# Question #210f3

Nov 6, 2016

5. (c)

6. The question is in error. The $3$ should be $4$ and the answer (d)

#### Explanation:

Question 5

$v \left(x\right) = \sqrt{\frac{x}{1 - x}}$

Note that if $x = 1$ then the denominator of $\frac{x}{1 - x}$ will be zero, so the quotient is undefined. So $1$ cannot be part of the domain.

That allows us to immediately eliminate options (d) and (e).

Note that for $x > 1$ the numerator will be positive and the denominator negative so $\frac{x}{1 - x} < 0$ and the square root is undefined (at least not Real).

So we can eliminate options (a) and (b).

That only leaves option (c), which is correct:

When $x < 0$, we find that $\frac{x}{1 - x} < 0$.

When $x \in \left[0 , 1\right)$ then $x \ge 0$ and $1 - x > 0$ so $\frac{x}{1 - x} \ge 0$ and the square root is Real valued.

So ${D}_{v} = \left[0 , 1\right)$

Let:

$y = v \left(x\right) = \sqrt{\frac{x}{1 - x}}$

Note that by definition of $\sqrt{\ldots}$ we must have $y \ge 0$

Then:

${y}^{2} = \frac{x}{1 - x} = \frac{1 - \left(1 - x\right)}{1 - x} = \frac{1}{1 - x} - 1$

Add $1$ to both ends to get:

${y}^{2} + 1 = \frac{1}{1 - x}$

Take the reciprocal of both sides to get:

$\frac{1}{{y}^{2} + 1} = 1 - x$

Add $x - \frac{1}{{y}^{2} + 1}$ to both sides to get:

$x = 1 - \frac{1}{{y}^{2} + 1}$

So for any $y \ge 0$ there is a value of $x$ such that $v \left(x\right) = y$

Hence the range of $v \left(x\right)$ is $\left[0 , \infty\right)$

$\textcolor{w h i t e}{}$
Question 6

$f \left(x\right) = \sqrt{4 - x}$

$g \left(x\right) = \sqrt{x + 3}$

Then:

${D}_{f} = \left(- \infty , 4\right]$

${D}_{g} = \left[- 3 , \infty\right)$

So:

${D}_{f + g} = {D}_{f} \cap {D}_{g} = \left(- \infty , 4\right] \cap \left[- 3 , \infty\right) = \left[- 3 , 4\right]$

This does not correspond to any of the given options, so there is an error in the question.

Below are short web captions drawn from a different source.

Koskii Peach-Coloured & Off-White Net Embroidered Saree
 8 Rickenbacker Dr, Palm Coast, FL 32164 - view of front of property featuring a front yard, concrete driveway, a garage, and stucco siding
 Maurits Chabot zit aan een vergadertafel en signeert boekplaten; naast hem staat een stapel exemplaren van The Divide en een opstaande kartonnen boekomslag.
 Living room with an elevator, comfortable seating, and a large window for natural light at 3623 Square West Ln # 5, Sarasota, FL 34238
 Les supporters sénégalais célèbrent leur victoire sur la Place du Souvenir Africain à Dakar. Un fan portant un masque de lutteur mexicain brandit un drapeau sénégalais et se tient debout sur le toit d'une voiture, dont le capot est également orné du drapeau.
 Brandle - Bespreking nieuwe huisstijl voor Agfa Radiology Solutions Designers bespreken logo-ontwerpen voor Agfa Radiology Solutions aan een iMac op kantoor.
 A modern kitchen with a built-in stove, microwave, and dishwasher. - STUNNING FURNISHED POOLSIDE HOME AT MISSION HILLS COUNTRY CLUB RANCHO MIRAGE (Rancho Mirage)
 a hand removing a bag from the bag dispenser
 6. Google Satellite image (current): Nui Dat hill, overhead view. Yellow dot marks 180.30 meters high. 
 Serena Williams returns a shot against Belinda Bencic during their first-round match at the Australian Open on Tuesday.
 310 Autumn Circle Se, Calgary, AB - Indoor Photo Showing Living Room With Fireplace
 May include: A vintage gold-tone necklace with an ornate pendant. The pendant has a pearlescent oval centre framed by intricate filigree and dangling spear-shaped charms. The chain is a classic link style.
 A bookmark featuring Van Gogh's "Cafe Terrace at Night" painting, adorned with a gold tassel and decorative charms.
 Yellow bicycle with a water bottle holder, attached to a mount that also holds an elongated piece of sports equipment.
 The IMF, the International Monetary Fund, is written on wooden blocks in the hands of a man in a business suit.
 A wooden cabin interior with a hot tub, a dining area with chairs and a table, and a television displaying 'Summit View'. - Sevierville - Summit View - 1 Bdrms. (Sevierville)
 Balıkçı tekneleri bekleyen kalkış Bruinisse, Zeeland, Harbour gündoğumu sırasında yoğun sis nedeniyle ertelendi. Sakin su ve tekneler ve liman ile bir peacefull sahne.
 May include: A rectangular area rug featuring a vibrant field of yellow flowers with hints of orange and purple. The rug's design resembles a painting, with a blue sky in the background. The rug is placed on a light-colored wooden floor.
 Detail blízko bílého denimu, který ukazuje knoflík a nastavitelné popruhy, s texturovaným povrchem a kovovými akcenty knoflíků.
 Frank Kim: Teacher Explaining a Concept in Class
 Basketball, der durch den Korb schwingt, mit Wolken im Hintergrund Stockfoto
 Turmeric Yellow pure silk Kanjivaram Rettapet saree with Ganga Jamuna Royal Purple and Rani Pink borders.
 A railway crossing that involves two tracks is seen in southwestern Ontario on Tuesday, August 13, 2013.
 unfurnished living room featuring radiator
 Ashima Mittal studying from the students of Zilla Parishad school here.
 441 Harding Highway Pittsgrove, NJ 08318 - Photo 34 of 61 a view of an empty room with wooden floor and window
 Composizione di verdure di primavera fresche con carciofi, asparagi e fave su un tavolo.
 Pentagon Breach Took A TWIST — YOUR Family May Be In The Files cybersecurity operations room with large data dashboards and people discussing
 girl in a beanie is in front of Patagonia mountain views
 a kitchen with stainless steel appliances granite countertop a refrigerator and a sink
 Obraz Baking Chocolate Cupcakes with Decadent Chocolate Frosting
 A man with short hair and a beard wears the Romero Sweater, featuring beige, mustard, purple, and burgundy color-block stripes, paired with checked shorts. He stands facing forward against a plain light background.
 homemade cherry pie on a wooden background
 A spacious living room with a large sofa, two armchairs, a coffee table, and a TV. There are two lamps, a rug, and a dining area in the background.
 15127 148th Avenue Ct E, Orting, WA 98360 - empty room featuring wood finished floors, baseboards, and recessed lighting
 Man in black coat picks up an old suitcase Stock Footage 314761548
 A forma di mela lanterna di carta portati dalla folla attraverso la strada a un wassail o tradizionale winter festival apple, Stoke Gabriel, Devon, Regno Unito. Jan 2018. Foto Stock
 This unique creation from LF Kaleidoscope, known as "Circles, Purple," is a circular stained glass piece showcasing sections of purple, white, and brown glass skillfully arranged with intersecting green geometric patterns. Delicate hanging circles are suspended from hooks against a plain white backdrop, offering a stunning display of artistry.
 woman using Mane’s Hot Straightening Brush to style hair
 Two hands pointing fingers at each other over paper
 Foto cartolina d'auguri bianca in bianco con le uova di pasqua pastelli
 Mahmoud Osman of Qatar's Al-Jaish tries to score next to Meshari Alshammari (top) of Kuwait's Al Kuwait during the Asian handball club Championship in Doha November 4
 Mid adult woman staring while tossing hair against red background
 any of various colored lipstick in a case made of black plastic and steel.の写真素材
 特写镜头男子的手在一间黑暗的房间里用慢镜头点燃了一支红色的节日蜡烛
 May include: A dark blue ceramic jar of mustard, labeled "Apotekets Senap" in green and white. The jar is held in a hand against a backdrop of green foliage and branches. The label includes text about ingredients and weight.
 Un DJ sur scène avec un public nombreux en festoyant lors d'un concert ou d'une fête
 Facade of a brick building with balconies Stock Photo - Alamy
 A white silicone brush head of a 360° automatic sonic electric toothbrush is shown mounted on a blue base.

graph{sqrt(4-x) + sqrt(x+3) [-4.438, 5.56, -0.64, 4.36]}

$\left(f + g\right) \left(x\right)$ has minima at the ends of the domain and maximum in the centre.

${R}_{f + g} = \left[\sqrt{7} , \sqrt{14}\right]$

It looks like the error in the question was the $3$ instead of a $4$ and the correct answer would have been (d)